# Hunting food plots: Morning or Afternoon?



## tsknmcn (Aug 29, 2010)

This is our first year with a food plot.  I was mainly thinking food plots would be an afternoon spot since the deer are likely to be in it already when you are trying to get to your stand in the mornings.  Am I thinking about it all wrong?  What's everyones thoughts on the subject?


----------



## lungbuster123 (Aug 29, 2010)

Nobody can really tell you how the deer move on your land. If you have trail camera's thats going to be about the only way to know besides going out and looking for yourself.


----------



## bdillard (Aug 29, 2010)

I hunt food plots morning and evening..But most the time i have better luck in the evening hunting food plots...


----------



## RangerJ (Aug 29, 2010)

I have had good luck both am and pm this time of year I would say pm. Later during the rut am worked well for me.


----------



## Bow Only (Aug 30, 2010)

Hunt the Milk River a few times and you learn not to hunt food plots in the morning.  Sure, you'll see deer and might even kill a few, but the negative impact on the deer herd is way too great.  Especially the big ones!


----------



## Booner Killa (Aug 30, 2010)

Bow Only said:


> Hunt the Milk River a few times and you learn not to hunt food plots in the morning.  Sure, you'll see deer and might even kill a few, but the negative impact on the deer herd is way too great.  Especially the big ones!

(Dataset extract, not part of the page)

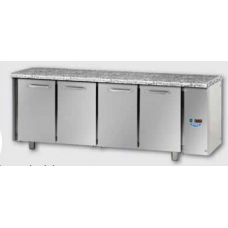 Masă frigorifică, din otel inoxidabil, GN 1/1, cu 4 uși, cu suprafață de lucru din granit, conceput pentru unitatea de condensare la distanță normală, Tecnodom TF04EKOSGGRA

I totally agree.....stay outta there in the morning! I feel terrible sitting on a food plot in the morning....like I'm totally wasting my time!


----------



## tsknmcn (Aug 30, 2010)

Thanks guys.  That's pretty much what I was thinking.


----------



## bownutz (Aug 30, 2010)

Your better of going in at 10:00 or Later.


----------



## drawedback (Aug 30, 2010)

I disagree, I see plenty of deer in the foodplots in the morning, and you are just as likely to run deer out going in in the afternoon. You won't see as many in the mornings later in the season, they seem to wait till the frost melts off before they eat, however I've still had them come out on really cold mornings like they just wanted to get in the sun.


----------



## Georgia Hard Hunter (Aug 31, 2010)

Afternoons my big deer have all come out just before dark, except on dreary rainy days get there before noon set all day. I killed my biggets 10 pointer at 2:15pm on a dreary rainy day


----------



## mtr3333 (Aug 31, 2010)

I have more success in mid-day to evening on food plots. Deer movement times change. If I hunt a plot in the a.m., trails to bedding areas are best for me when they are feeding before dawn. I am a minimum 100 yds off the plot. I'll do the same if they are getting on the plot after dark.


----------